I plan to post this letter on the Internet, as well as my own forum
which is one of the largest and most read Home Theater discussion groups. I
genuinely feel that DirecTV is in a nasty decline as far as the manner
in which they advertise to and treat their customers. I feel this is
information that needs to be put out there so that nobody has to be
treated as poorly as I was today.

Thank you for your time.


----------



## rock_doctor (Oct 22, 2000)

I would file a complaint with your states attorney general office, consumer affairs. Send them a modified form of this letter. Let D* prove in writing that you acknowledged or OK'ed a commitment. They just can't give you a commitment w/o you acknowledging it. Even cell phone companies record you saying "ok" when they tell you about the commitment.


----------



## TivoNM (Oct 19, 2005)

Sorry to hear about your trouble. I had a family member who went through a similar situation. Went throuhg FREE SWAP with no commitment but then was told there was an early termination charge. After speaking with many different people my family member spoke with someone in the ace dept. They were able to get her transfered to the access card place to have it fixed. The agent admitted that this is am glitch in the system and that there is in fact no new service commitment. So hopefully that will help. She said you can just call main number and ask to be transfered to the ace dept.


----------



## NJRonbo (Jun 3, 2005)

Well that post above solved all my problems. Thank you.


----------



## WitsEnd (Nov 21, 2006)

What an exceptionally well-written letter!
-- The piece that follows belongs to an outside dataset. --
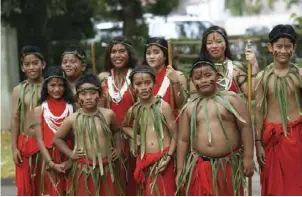  ??  ?? La flora e la fauna di Tonga rappresent­ano un ambiente unico
nel Sud Pacifico per la sua bellezza. Ibisco, frangipani ed altri fiori creano oasi colorate sotto le palme, i pandani e i banani.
It's really unfortunate that we as consumers have to go to such lengths to get companies to do the right thing anymore. Of late, this is happening more and more often. I had a similar experience with Capital One concerning a cash advance. I was solicited for the cash advance by a letter promising a certain low percentage rate, and when I called to accept the offer, the representative confirmed the rate. A few days later, I received a letter in the mail again confirming the interest rate. Unfortunately I made the mistake of throwing that confirmation letter away. A month or so later when I got my statement I saw that the advance was being charged at a much higher rate than promised. I called and was told that without proof they would not adjust the rate. It ended up taking several months of phone calls, and being lied to by varying levels of CSR's before I finally wrote a letter to the CEO of the bank, who finally adjusted the rate to what it should have been originally, and credited the excess interest paid.

This business of telling us that we have to prove an offer is baloney, and the practice needs to stop ASAP!

Sorry that this was off-topic in a way


----------